Directly from the terminal we can test immediately the Streamlit app:

streamlit run dashboard.pyYou can now view your Streamlit app in your browser.Network URL: http://172.31.22.205:8501External URL: http://54.146.192.225:8501

If you connect to http://54.146.192.225:8501, the External URL, you’ll be able to interact with the dashboard app:

Fig.22: Example of the Streamlit app we created and running from the EC2 instance.

All good, but we can do better and exploit TMUX to start a streaming session, so we can log out from the virtual machine and interact with the app without staying connected. Let’s install TMUX:

sudo apt-get tmux

and start a streaming session:

tmux new -s StreamlitSession

Now we can freely run Streamlit and the app will run within the tmux session:

Fig.23: Example of input given in the dashboard and output result from the sentiment classificator.

You can leave the SSH shell by pressing Ctrl+B and aside press the key D. This combination will detach you from the tmux session and you’ll be able to log out from the SSH connection. If you want to stop the tmux session just reconnect to the machine and look for the PID of the running job

ps aux | grep streamlit

and kill the process with

kill PID NUMBER

At this stage, we can have a little review of the entire process. We can immediately point out some pros:

The Git-DagsHub interface is easing our lives by providing a dedicated MLflow server and storage. This saves a lot of time and hassle, as we do not have to set up virtual machines or specific VPC permissions or infra (e.g. peerings) to allow the MLflow system to be shared across all our entire cloud tools
If we are AWS-based MLflow provides a super simple interface to deal with our registered models. We do not need to worry about creating Dockerfiles or specific SageMaker codes

and some cons:

We may not be AWS based. In this case, MLflow offers a great solution for Azure deployment but not for Google Cloud Platform. I tried to fill up this gap a little while ago but further work is needed to have a more seamless interface between MLflow model registry and GCP
If you’d like to spin up this model to Heroku, DagsHub doesn’t currently offer any CI/CD interface with this deployment provider. Thus, you’d need to create a few more images (docker-compose) to have the registered model and the endpoint interface wrapped up by Heroku and hosted as custom images
SageMaker endpoints cost! Before deploying your super ML model consider the chance of deploying a SageMaker Batch Transform job rather than an endpoint. Here is the GitHub issue request and links to the MLflow PRs that accommodate this Batch Transform request.

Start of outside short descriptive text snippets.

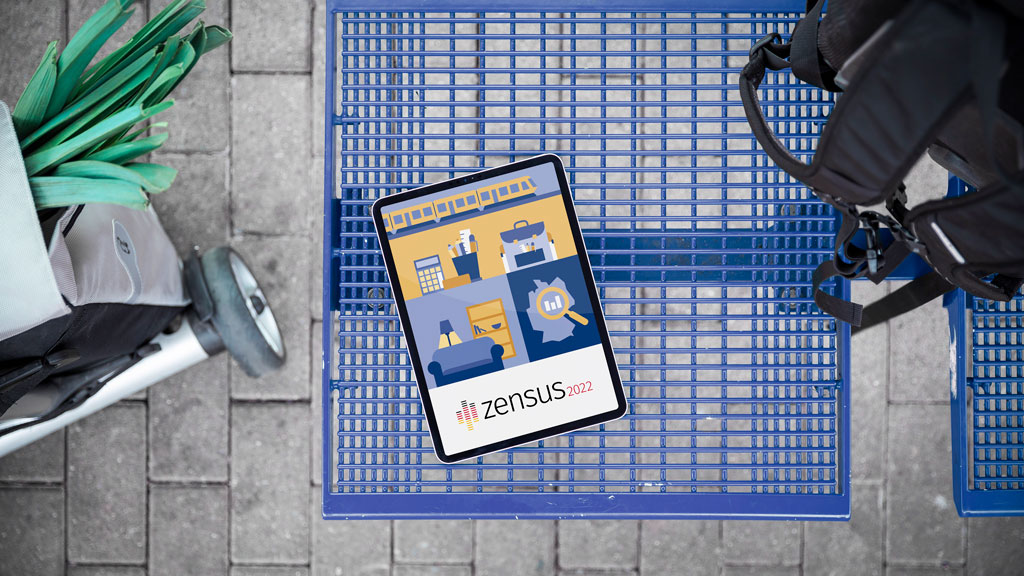 Dieses Bild zeigt einen Einkaufswagen mit einem Tablet auf dem das Zensuslogo 2022 zu erkennen ist, einen Rucksack sowie einen Einkaufstrolley.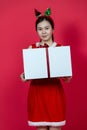 Mockup Image of an Asian Woman Presenting a Big Gift Box With Christmas Attire on a Red Background Royalty Free Stock Photo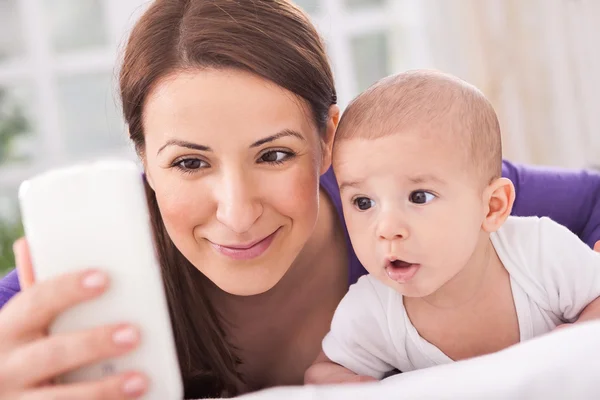 Anne ve babasıyla telefonda konuşurken bebek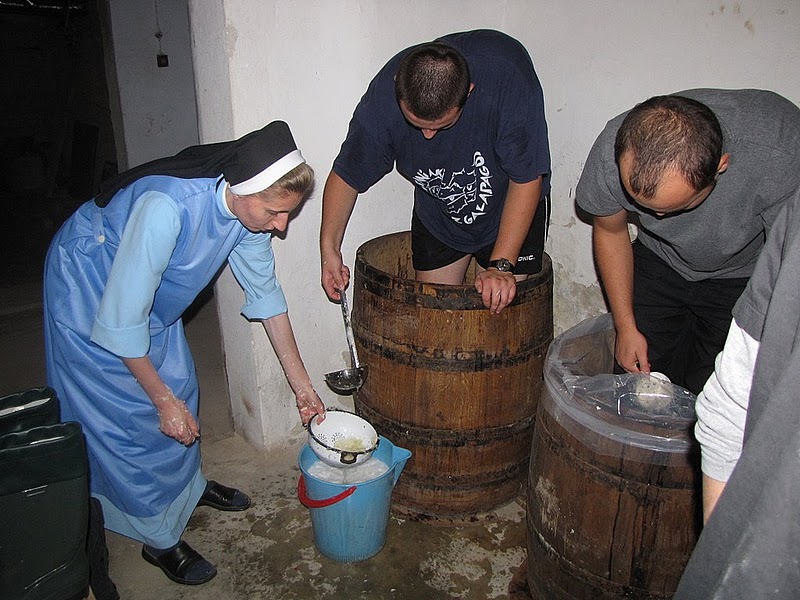 Authentic Polish kapusta kiszona preparation in wooden barrel, highlighting traditional food preservation methods in Poland's culinary practices.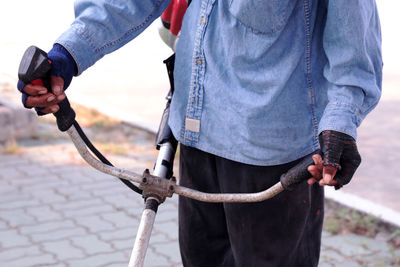 Midsection of man holding metal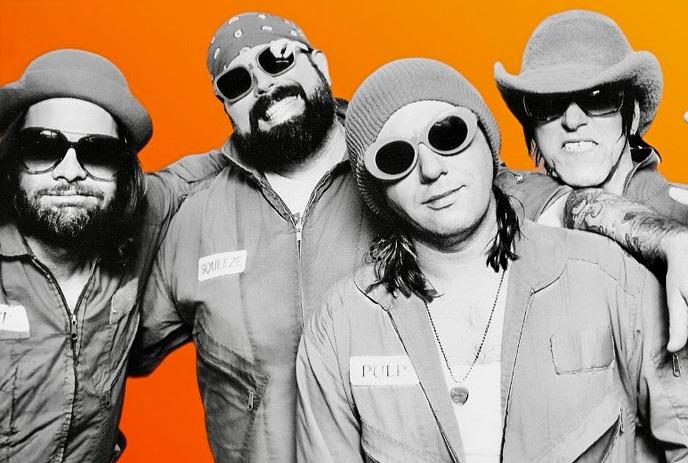 Four band members in matching jumpsuits pose before a bold orange circle, posing for a picture.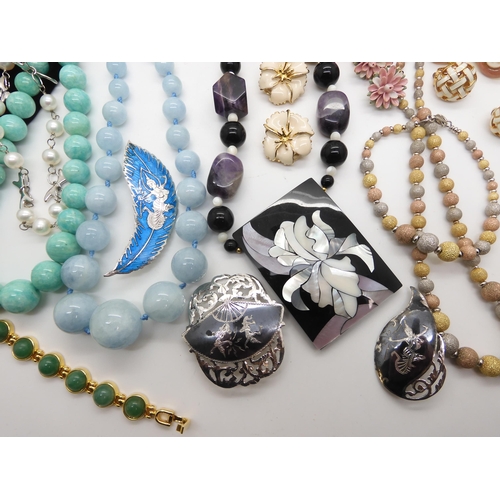 613 - A collection of silver and costume jewellery from The Jewellery Channel to include aquamarine and ro... 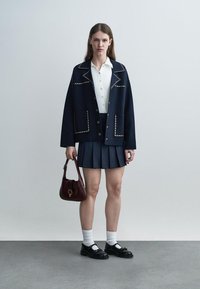 Mladá žena v námornícky modrej bundě s nitmi, biela košeľa na gombíky, námornícky modrá plisovaná sukňa, biele ponožky, čierne topánky, drží bordovú kabelku, stojí na sivej podlahe.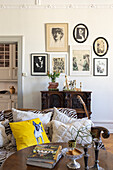 Living room with antique cabinet and picture wall in black and white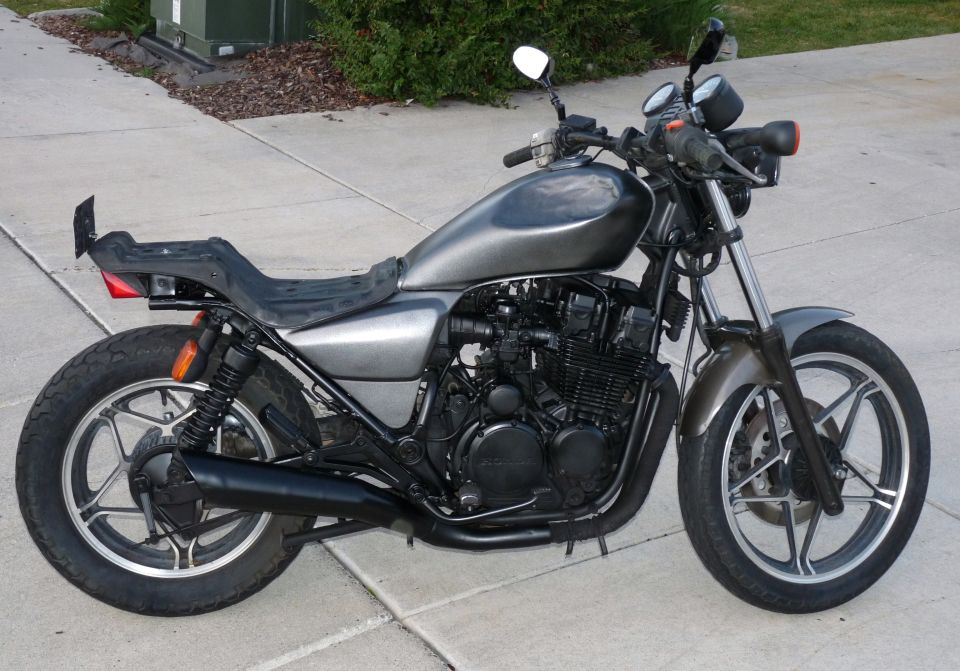 Side view of a customized motorcycle with a gray tank and black exhaust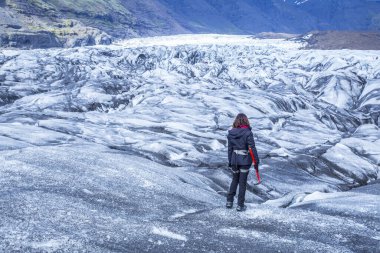 İzlanda 'daki Svinafellsjokull buzulunda yürüyen genç bir kız.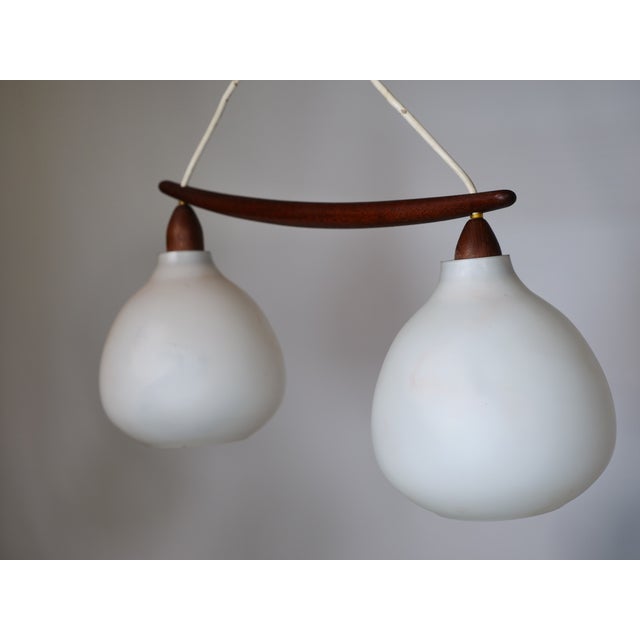 Vintage design ceiling lamp by Uno & Östen Kristiansson from the 1960s. Features two opal glass shades and a teak wood...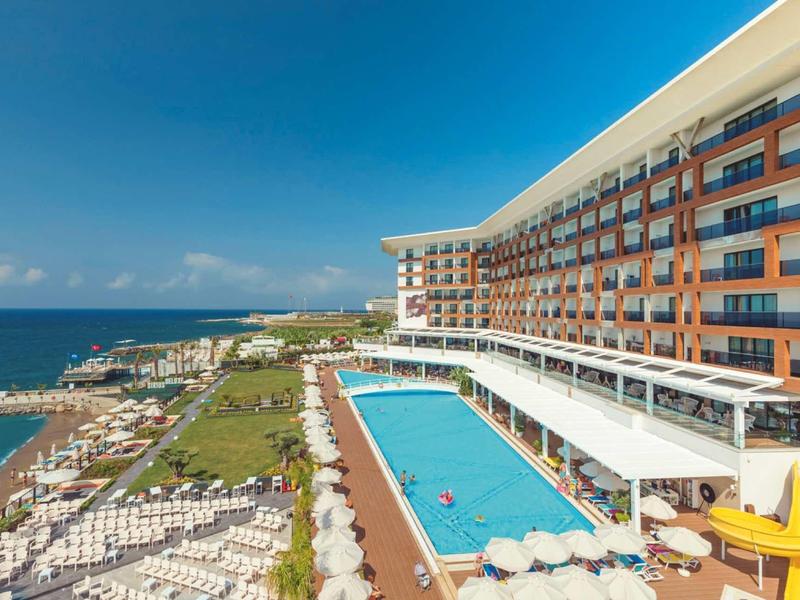 Complexe hôtelier moderne avec terrasse piscine et vue sur la mer sous un ciel bleu clair.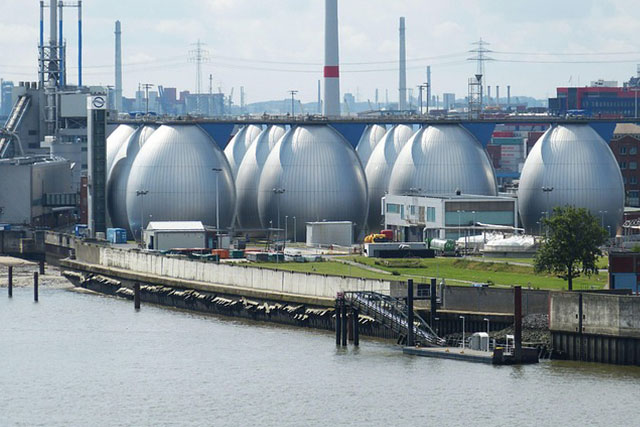 Large water treatment facility with multiple tanks, pipes, and industrial buildings.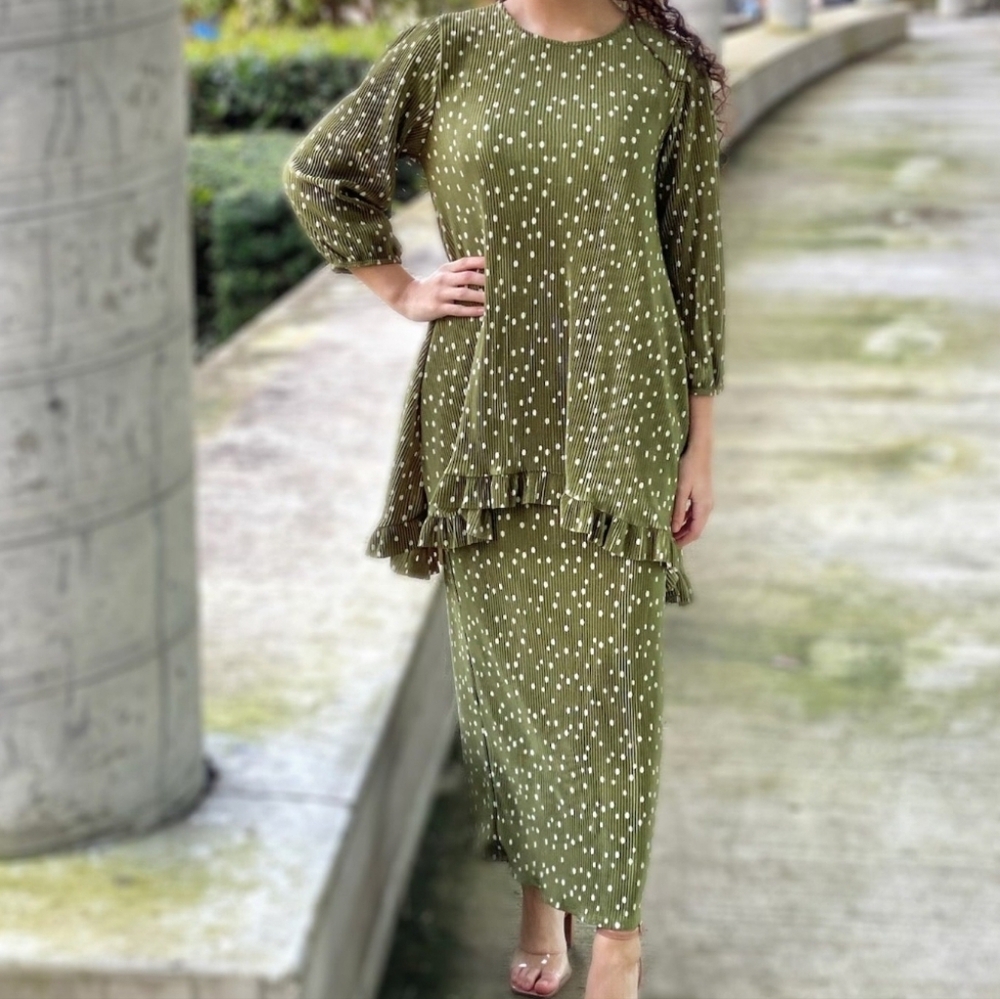 Green and White polka dot outfit.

Thus, we need to consider future work from this starting point. First of all, we could find a suitable way to fill the gap between MLflow and other cloud providers (not Azure, not AWS). Additional help may come from Seldon. Seldon offers an MLflow interface to host and spin up models — regardless of some complications which may arise from Kubernetes. It is worth mentioning this very recent MLflow implementation, which is a new mlflow deployment controller, that could pave all the deployment roads on multiple Cloud platforms. Stay tuned, because I’ll try out to share with you something similar 🙂

It’s been a long tutorial but I think you’re satisfied with the final result. We learned a lot of things, so let’s do a recap:

We learned how to create a simple model and log it to MLflow, how to authenticate to MLflow, and track our experiments. Key takeaways: implementing MLflow Python bits, authentication, tracking concept.
We saw how to make our code more general, exploiting the functionality of the sklearn pipeline and creating our custom transformers for dealing with data and have them part of a final training pipeline.
We learned how to deploy our best model to AWS. Firstly we registered the model to the MLflow registry, then we used MLflow sagemaker deployment schemes and set up AWS IAM roles.
Finally, we created a frontend for our model with Streamlit and we learned how to set up an EC2 instance to accommodate this application.

I hope you enjoyed this tutorial and thanks for reading it.